• **Records for processing**

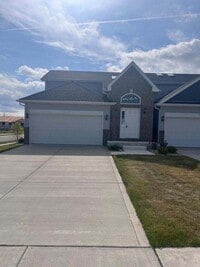 Building Photo - 3123 W 82nd Pl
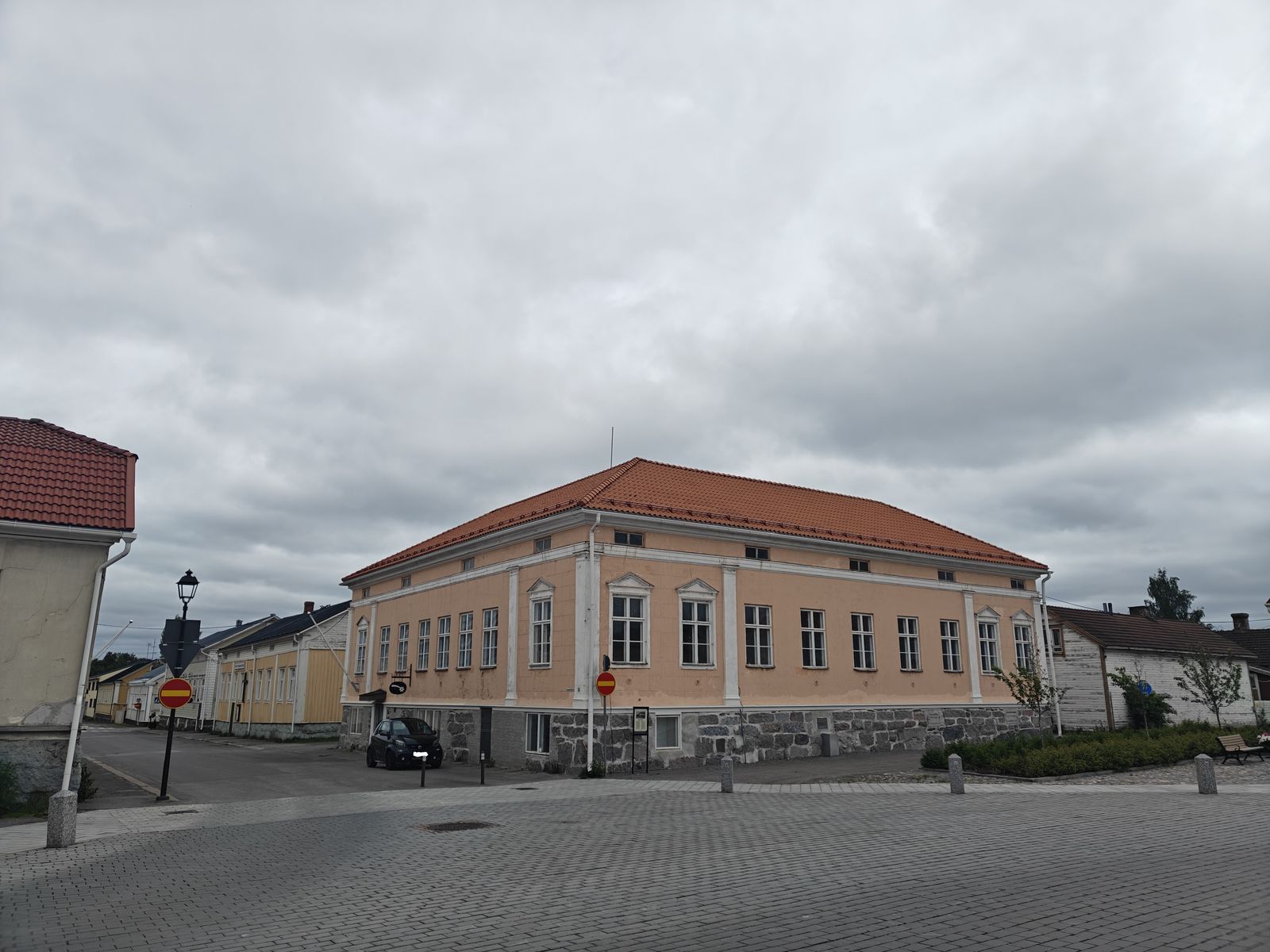 Hansatalo uusitun tiilikaton jälkeen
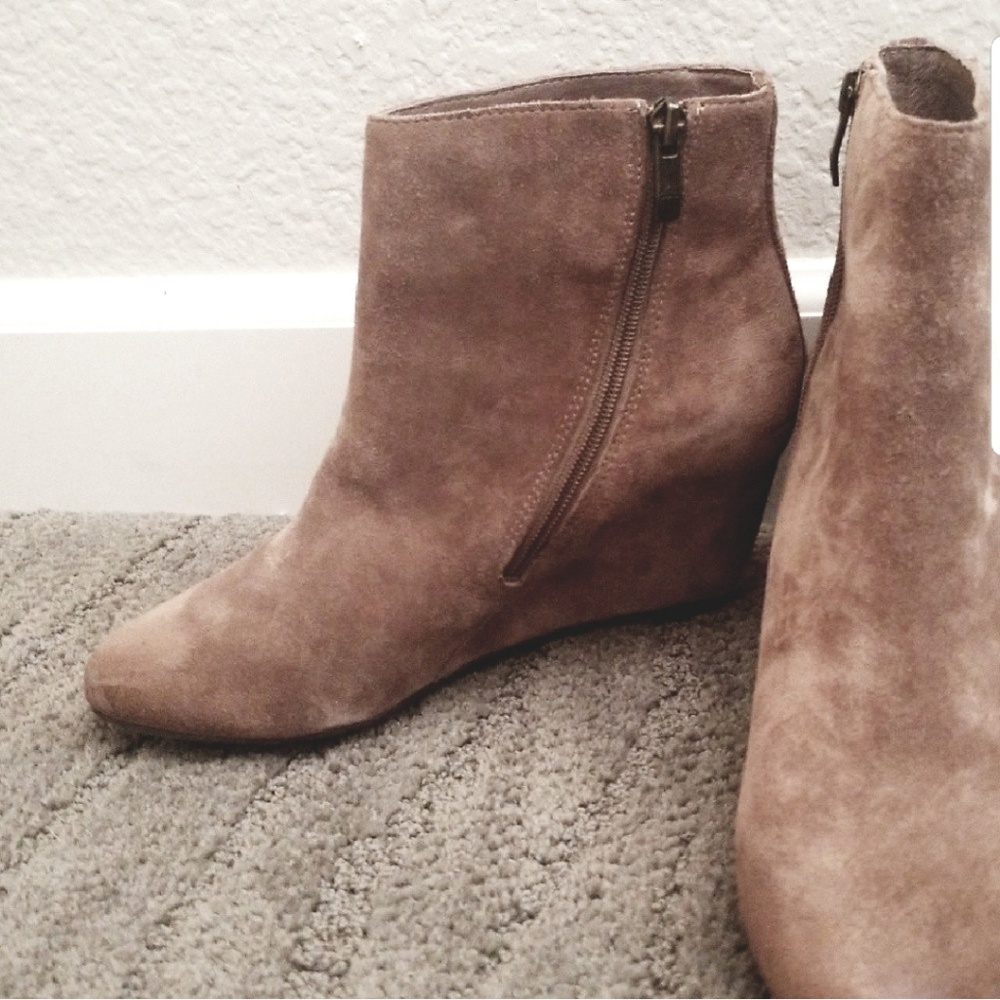 Vince Camuto size 8 tan wedge boots/booties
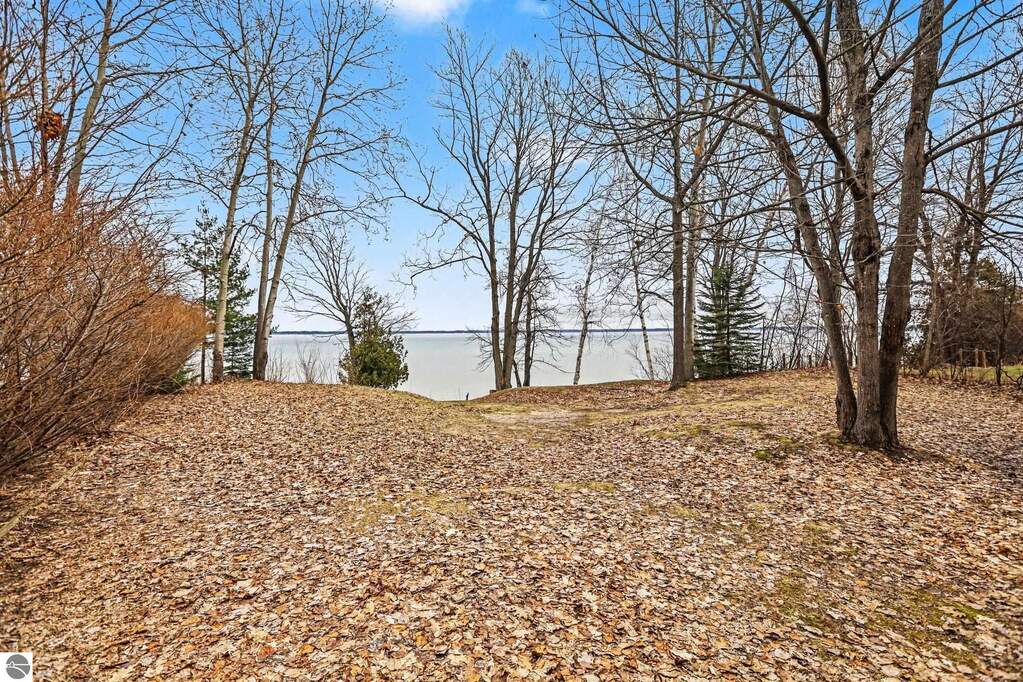3 Bedroom Single Family Home/House's Image 29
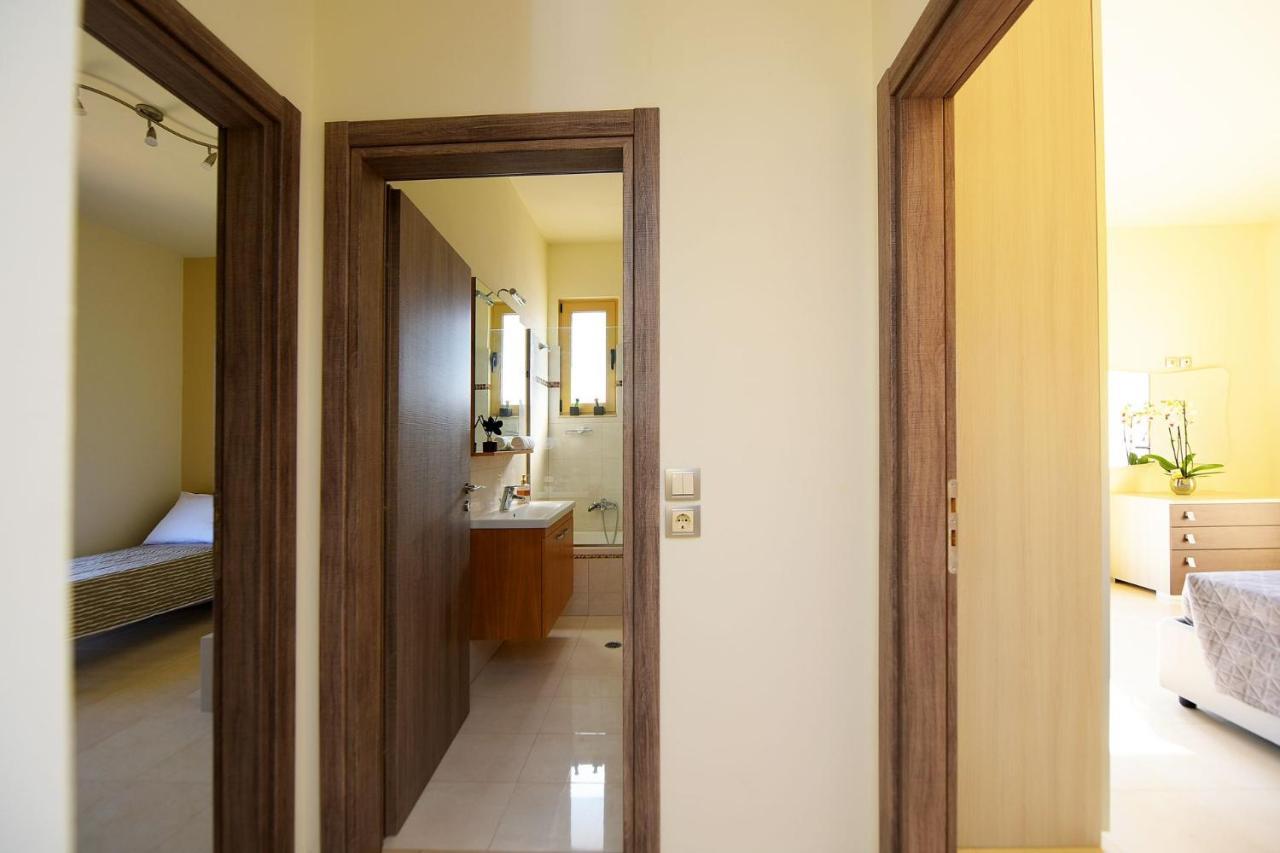 Stelia Luxury Apartments Kalavarda Bagian luar foto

• **What the task requires**
Above are the records; set down exactly the lines from the line containing "Vince Camuto size 8 tan wedge boots/booties" through their last line, leaving every picture out.

• **Written answer**
 Vince Camuto size 8 tan wedge boots/booties
3 Bedroom Single Family Home/House's Image 29
 Stelia Luxury Apartments Kalavarda Bagian luar foto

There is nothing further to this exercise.